The importance of the census is far reaching and having accurate data is critical to protecting equity and civil rights. The census is used by local, state, and federal agencies and non-governmental organizations to determine funding for health care, education, labor, and much more. It is an important tool for researchers and it is used to redraw congressional districts. Only through accurate data can we accomplish equal representation for all Americans in our democracy.
In the March 6 episode of “The Progressive Happy Hour,” cohosts Drew Courtney and Cici Battle talk to Beth Lynk, the Census Counts campaign director for the Leadership Conference on Civil and Human Rights, about the ways that census data can disproportionately harm communities of color, low-income people and LGBTQ+ people.

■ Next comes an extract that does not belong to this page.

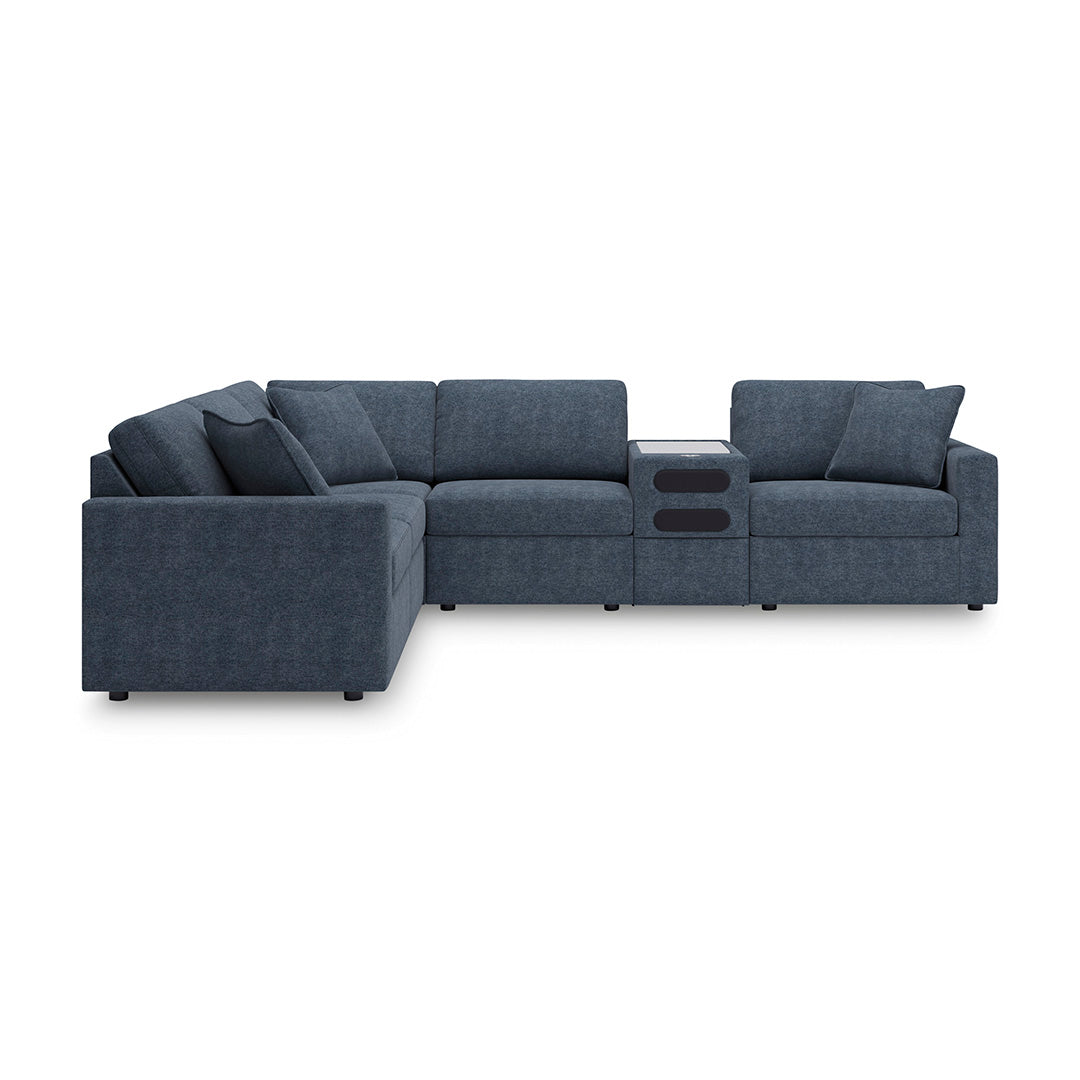 Modular Sectional Sofa - Customizable Living Room Furniture for Modern Homes | Perfect for Small Spaces, Apartments & Family Gatherings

She explains in the podcast, “An example of undercounting communities occurred in Tucson in 2010. They had an undercount of over 300,000 people in the city, which resulted in having less access to health care funding, education funding, and fewer school lunches.”
Lynk also emphasized that the consequences of undercounting in the census will impact the entire community for at least 10 years until the next census in 2020.
In March of 2018, the Trump administration added a citizenship question to the census, which risks an undercounting of immigrant populations. “Hearing about it through a lens of concern and fear, the role of organizers and leaders is to say this is important for our representation and power long term. We need to make our communities safe because it is really critical,” said Lynk. The Supreme Court will rule on the constitutionality of the question this summer.
Moving forward, Lynk says the best way for activists to help is to educate their communities—particularly communities most in danger of being undercounted—about the census organizing education events and other opportunities for people to ask questions. In Congress, Sen. Brian Schatz, D-Hawaii, and Rep. Carolyn Maloney, D-N.Y.,have introduced the 2020 Census Improving Data and Enhanced Accuracy (IDEA) Act to help ensure that any proposed changes are properly researched and tested.